The only tool require is a small knife, as shown in diagram A, costing about 25 cents, though, of course, a pair of compasses, pencil and ruler are necessary to draw one’s own designs, and to anyone with a taste for geometrical drawing this is almost as interesting as the carving.
The wood used must be close grained and soft, as no mallet can be used; white lime and sycamore being the best, though it can be done in other kinds.
In beginning it is best to take some simple pattern, such as is shown in diagram B, which it will easily be seen is composed of small squares crossed from corner to corner.
Grasp the knife firmly in your right hand, using your left hand to guide and keep it steady. Press the point of the knife deeply into the center of the square and cut down the line A, making the cut gradually shallower toward the corner of the square.

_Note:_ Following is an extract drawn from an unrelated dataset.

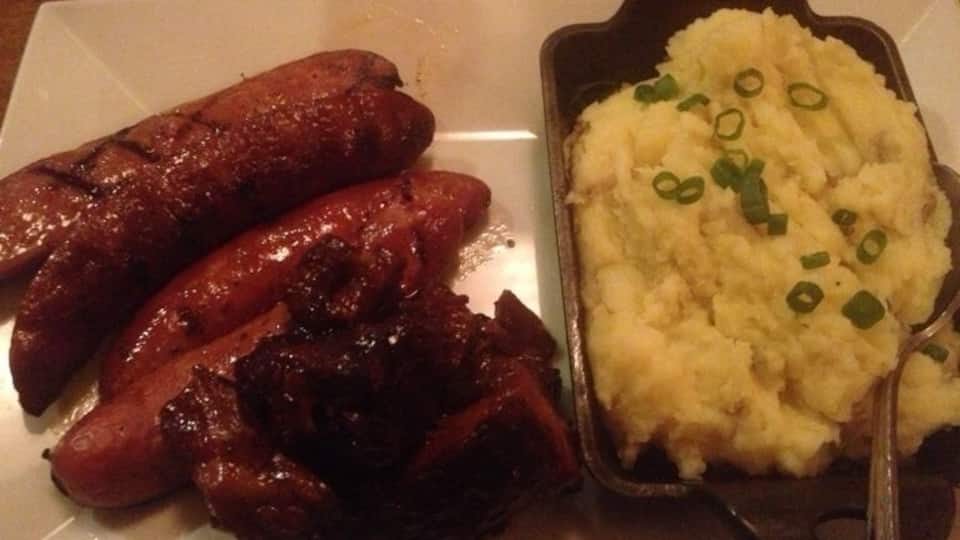 Found a good BBQ place! I guess one good BBQ place is good for AZ, right?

Note that this cutting down does not mean drawing the knife down the line, but simply pressing it down onto the line. When cutting down a line which is longer than the knife, the point must be pressed into the center and drawn down the line. Proceed in the same way with lines B,C and D, and so on with all the squares.
In cutting down these lines the blade of the knife must be pressed perfectly straight into the wood or the point is liable to break. Then put the point of your knife in an E, keeping the blade nearly flat against the wood, and draw it down the line F, gradually pressing the point into the center of the square, so as to entirely detach the triangular piece of wood. It will be seen by diagram C that when all these triangular pieces (G) have been taken, a line of diamond shaped pieces will be left. Then with the point of your knife make a small straight cut in each side of the diamond, slanting toward the center, and a small slanting cut into the straight one (diamond D), and you will have a very pretty and effective little border.
The depth of the pattern described should be about one-eighth of an inch in the deepest parts.